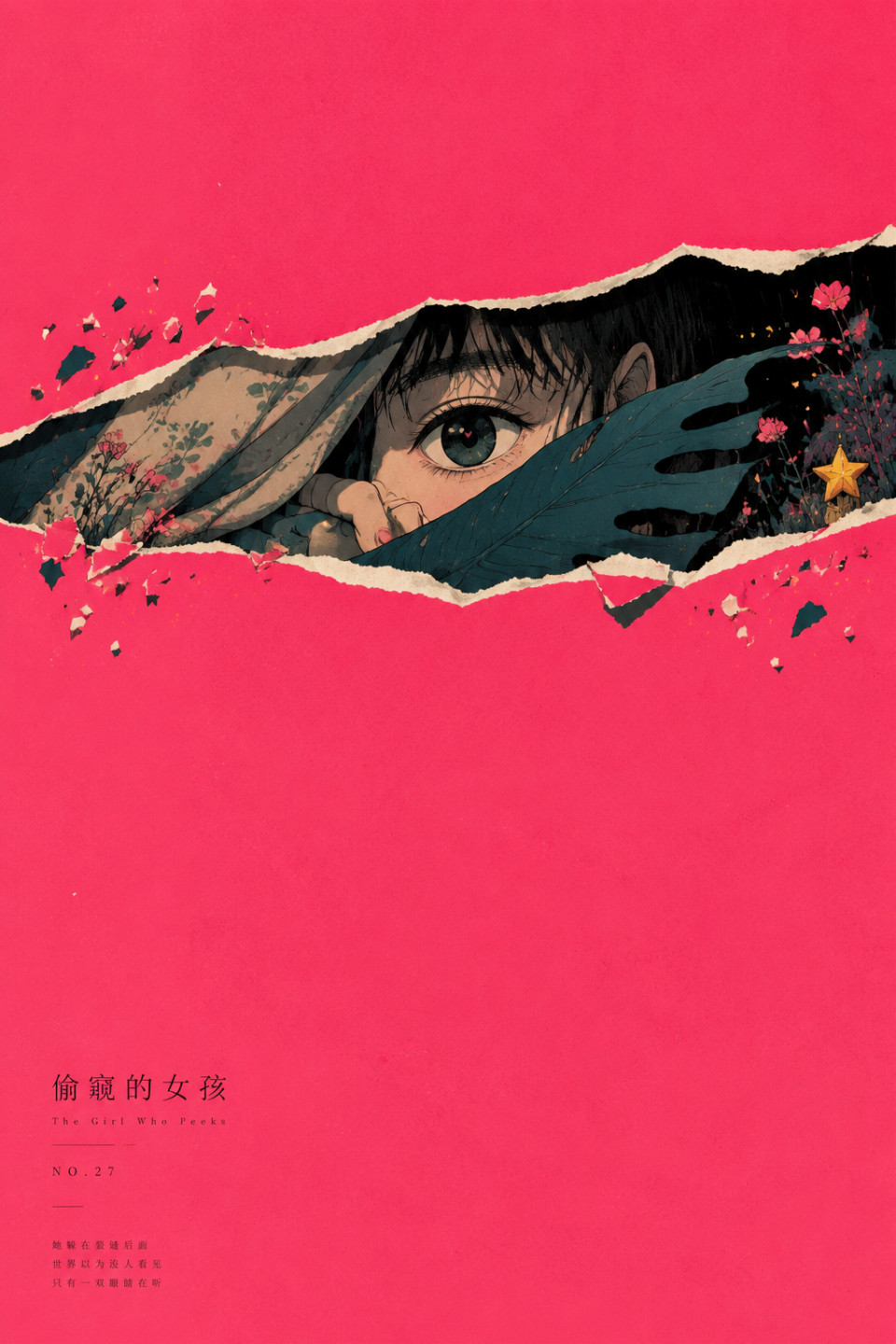 撕开一条缝效果演示
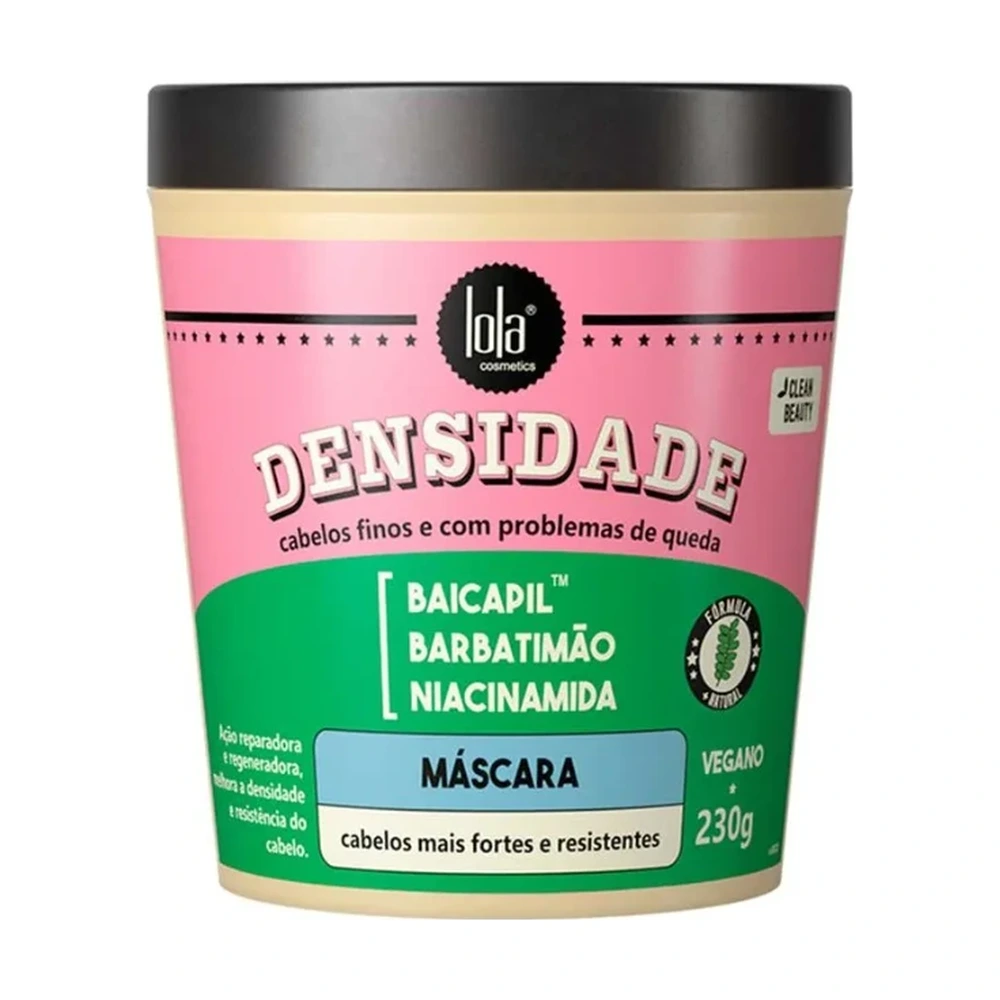 Máscara Capilar Densidade Lola Cosmetics 230g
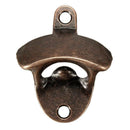 10 Piece Wall Mounted Beer Bottle Opener Bronze Soda Beer Wine Cap Opener w O4H8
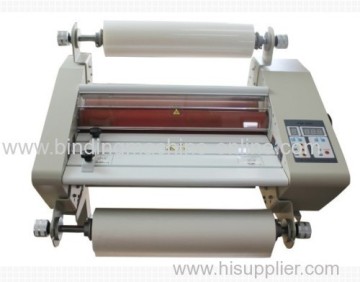 Hot Cold Roll Laminator Fm380 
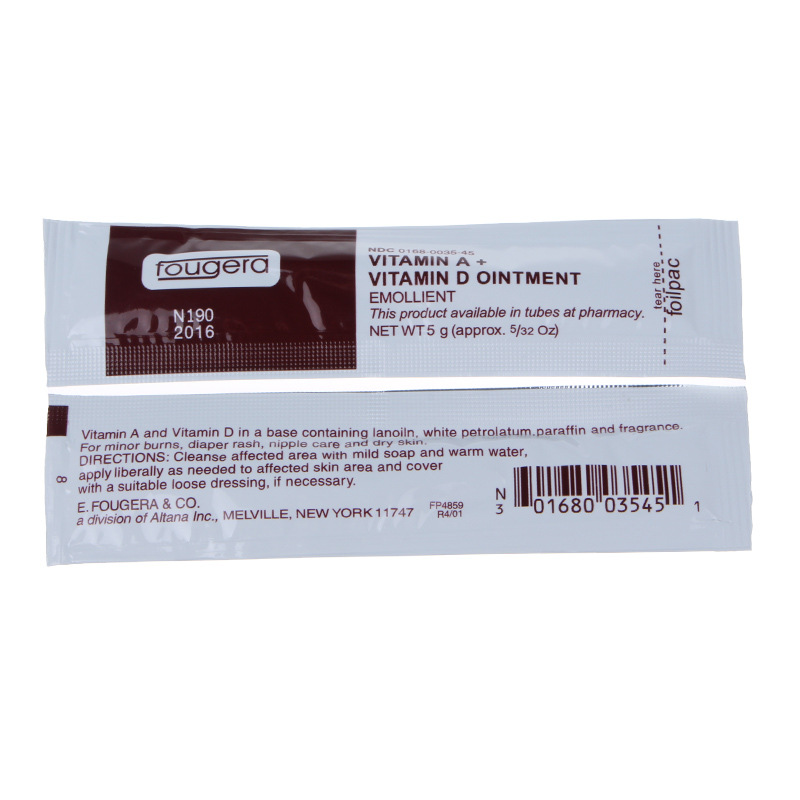 

100pcs packs of vitamins a d tattoo after care cream tattoo accessary with wholesale price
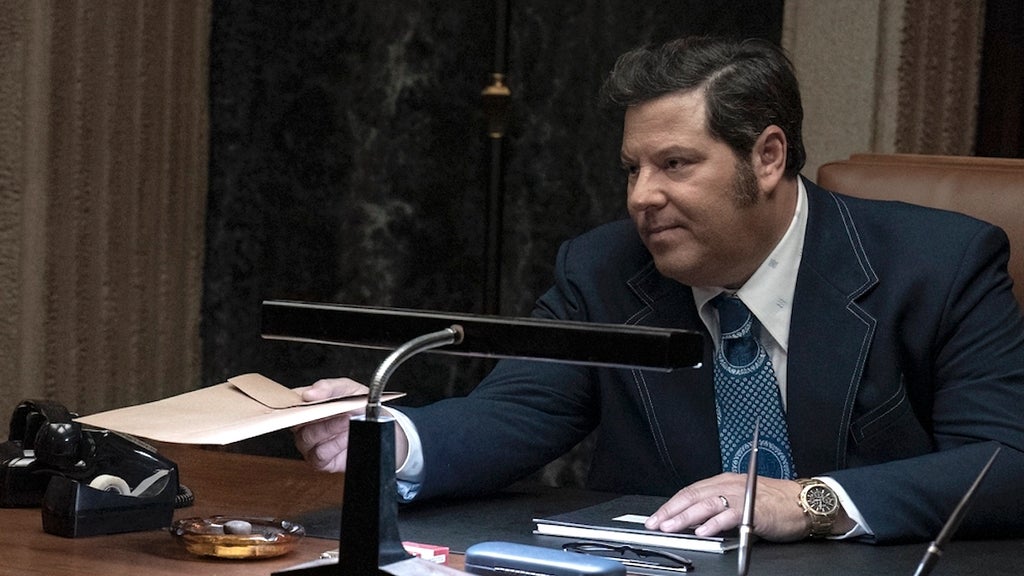 Greg Grunberg as Abbott on "Duster"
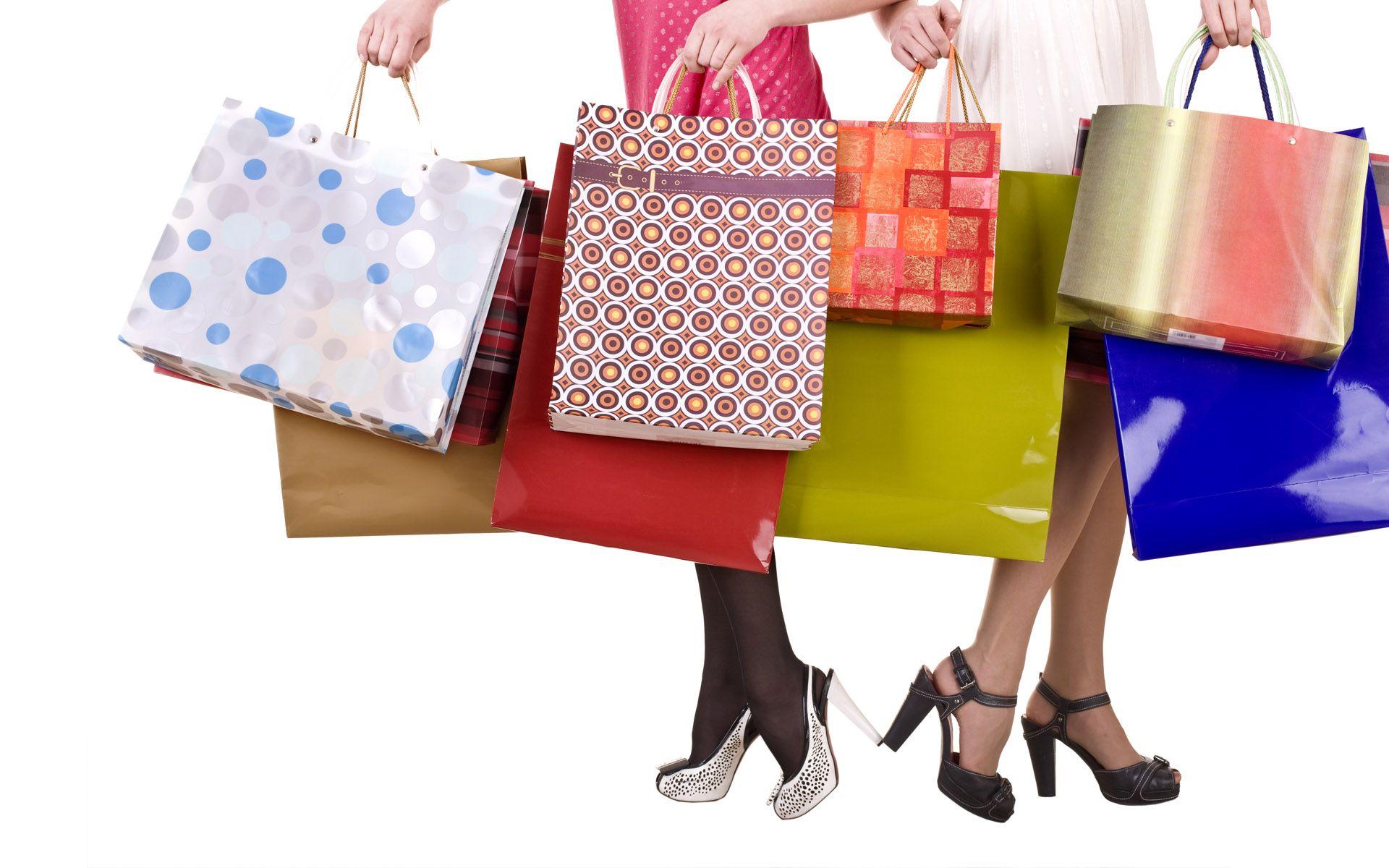 1920x1200 Shopping Wallpaper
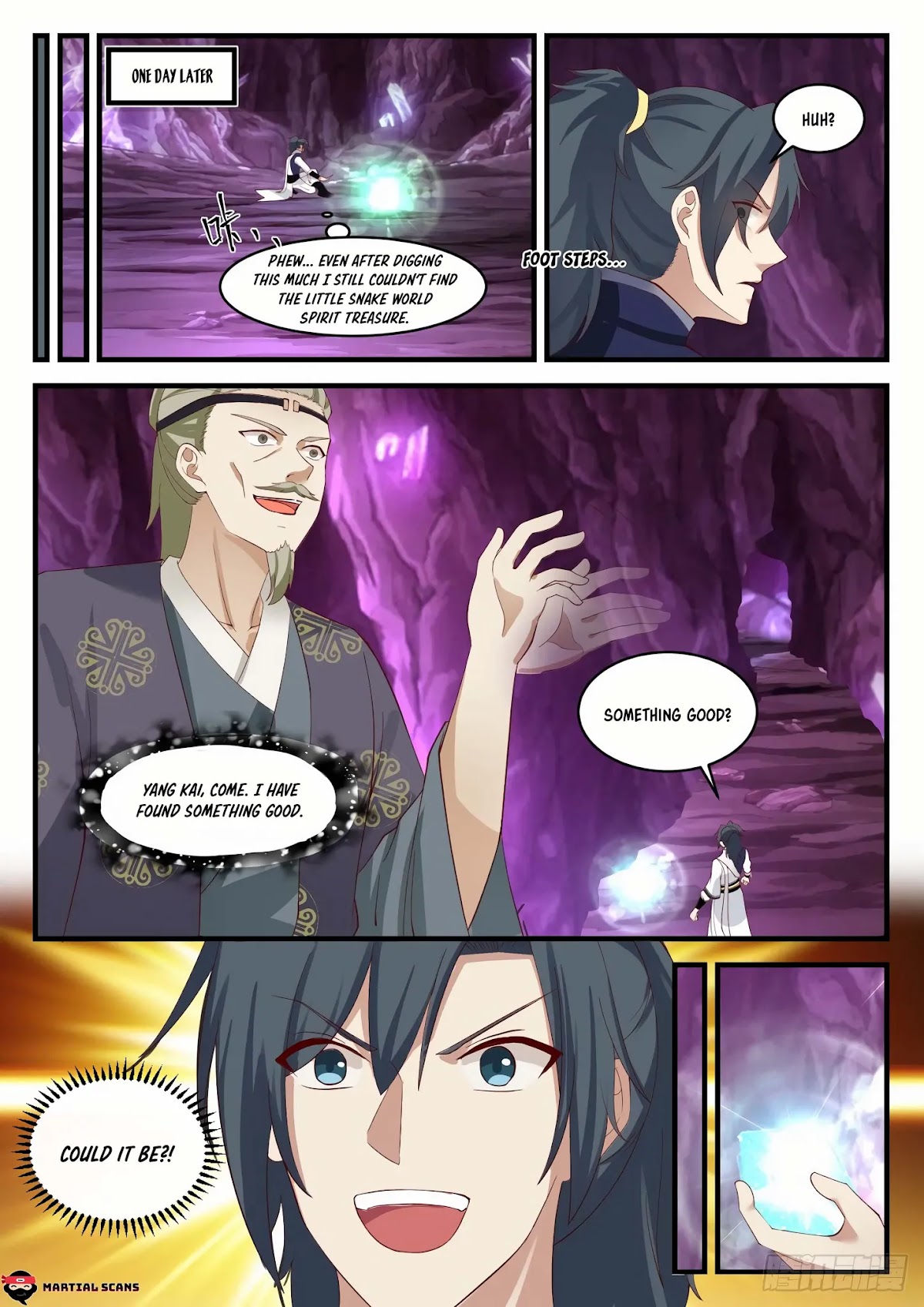 Martial Peak Chapter 1101 page 6 - Chapter 1101: Nine Branch Jade Crystal Tree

===

**What to produce**
Transcribe the data completely. No pictures should appear in the transcription.

**Solved problem**
 撕开一条缝效果演示
 Máscara Capilar Densidade Lola Cosmetics 230g
 10 Piece Wall Mounted Beer Bottle Opener Bronze Soda Beer Wine Cap Opener w O4H8
 Hot Cold Roll Laminator Fm380 

100pcs packs of vitamins a d tattoo after care cream tattoo accessary with wholesale price
 Greg Grunberg as Abbott on "Duster"
 1920x1200 Shopping Wallpaper
 Martial Peak Chapter 1101 page 6 - Chapter 1101: Nine Branch Jade Crystal Tree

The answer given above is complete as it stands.